Ох уж эти неофиты. Открыв дверцу для себя, хотят немедленно распространить на всех.
— Вы, мне кажется, заблуждаетесь, — сказал Неретинский мягко. — Нашей целью… нашей, так сказать, группой… никак не могут быть все.
— Все и не должны, — махнул рукой Роденс. — На первое время цель у нас одна — коммунисты.
— Коммунисты? — округлил глаза Неретинский. Такой экземпляр ему еще не попадался. — Неужели вы считаете, что мы должны… сделать э т о с коммунистами?!
— Я не вижу другого выхода, — твердо сказал Роденс. Он оценил такт подпольщика: вдруг подслушивают? Тогда, конечно, надо всячески избегать любезных ему глаголов истребления.
— Но почему же именно они? — продолжал изумляться Неретинский. — Разве в них есть что-нибудь особенное? Сколько я мог наблюдать, люди как люди…

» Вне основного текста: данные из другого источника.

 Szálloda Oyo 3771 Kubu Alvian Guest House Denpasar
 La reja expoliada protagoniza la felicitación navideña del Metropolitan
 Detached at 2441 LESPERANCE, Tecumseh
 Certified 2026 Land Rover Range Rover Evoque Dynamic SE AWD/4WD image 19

— Ни в коем случае, — отмахнулся Роденс. — Совершенно другая порода. Разумеется, сегодня растление коснулось каждого — вот почему нельзя медлить. Но эти — эти из другого мяса. Ими надо заняться вплотную.
— Гм, — в задумчивости произнес Неретинский. Он ждал, конечно, что революция раскрепостит все формы любви, но никак не думал, чтобы подобные чаяния распространились в массах. — Но ведь для того, чтобы, так сказать, вплотную приступить к коммунистам… вы понимаете… совершенно не обязательна легальность! Зачем же на улицы?

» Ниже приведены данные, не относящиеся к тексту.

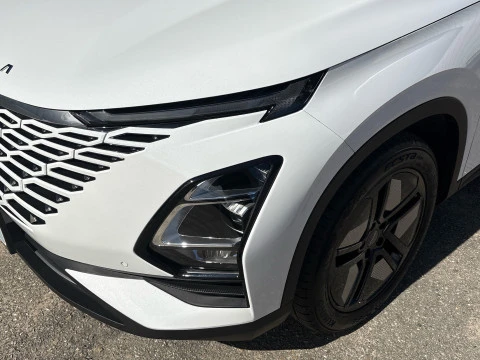Omoda 5 MY2 - Premium 1.6 TGDI 108kW (14cv)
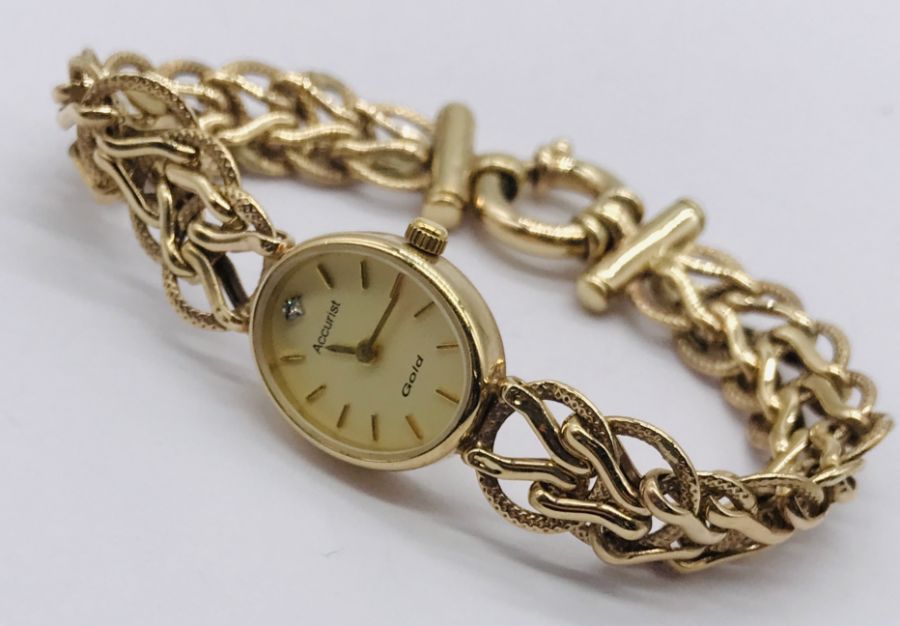 An Accurist 9ct gold watch and strap, total weight 15.9g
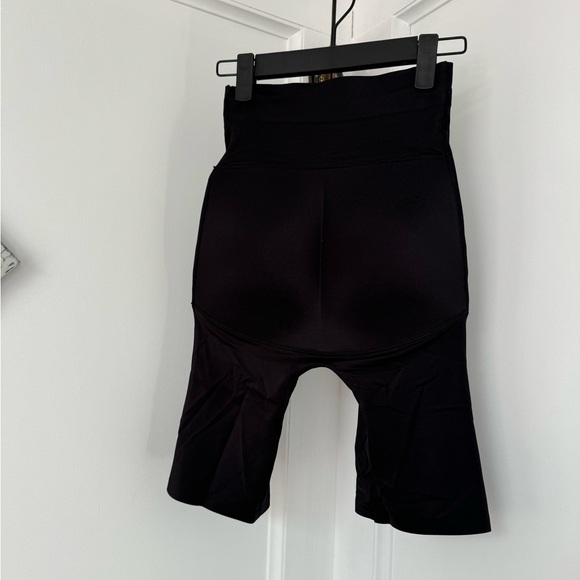 🏷️NWT- HeyShape - Shorts - Picture 2 of 6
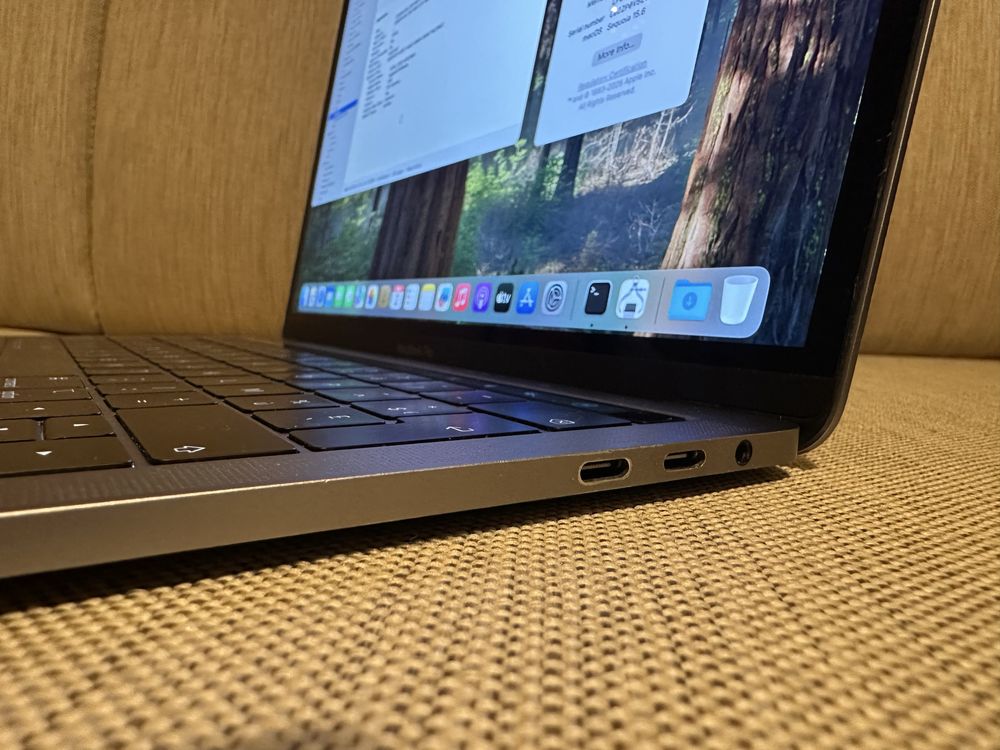 MacBook Pro 13.3” i7-8th gen/16/256 / 2018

— Понимаю, — кивнул Роденс. — Но индивидуальная тактика не срабатывала уже и двадцать лет назад. Мы можем, конечно… поодиночке. Но я верю сейчас только в групповые действия.
Этот парень был в самом деле не в себе, но чрезвычайно забавен.
— Постойте, — проговорил Неретинский. — Неужели вы не верите больше… в индивидуальную практику?
— Трата времени и лучших сил, — отмахнулся Роденс. — Все начинается с первой сотни.
— Ого! — воскликнул Неретинский.
— Меньше бессмысленно. Уверяю вас, выступление ста человек на Дворцовой сегодня перевернет все. Бояться насилия глупо. В конце концов, насилие творится ежеминутно.
Неретинский вообразил выступление ста человек на Дворцовой, с коммунистами, с насилием, и вынужден был согласиться: такая акция в самом деле перевернула бы Россию. Говорят — Европа, Европа, а у нас под красными лучами Мая и Октября вон что вызрело. Альбинос был несомненно сумасшедший, но в качестве острого блюда на сегодня годился.
— Что же, — произнес он торжественно, — пойдемте к н а ш и м, я вас представлю и уверен, что ваши идеи найдут если не поддержку, то хотя бы… ох… живейший отклик.
Он ухмыльнулся, не сдержавшись, и нежно подтолкнул Роденса к тяжелой (дуб с медью) двери в гостиную.
Роденс ожидал увидеть что угодно — кружок бомбистов, бородатых чахоточных студентов вокруг стола, солидных профессиональных убийц с наганами в карманах чесучовых пиджаков, даже и канцелярских скромняг, хитро замаскировавших свое истинное занятие. Но полтора десятка полуувядших вечных юношей с накрашенными лицами смутили бы кого угодно. Грим, подумал он, это грим, маскировка. Но зачем эти бонбоньерки? Почему ни одной женщины — положим, понятно; но почему на коленях у пухлого гиганта в кресле развязно сидел длинный бледный подросток, по виду пятнадцатилетний?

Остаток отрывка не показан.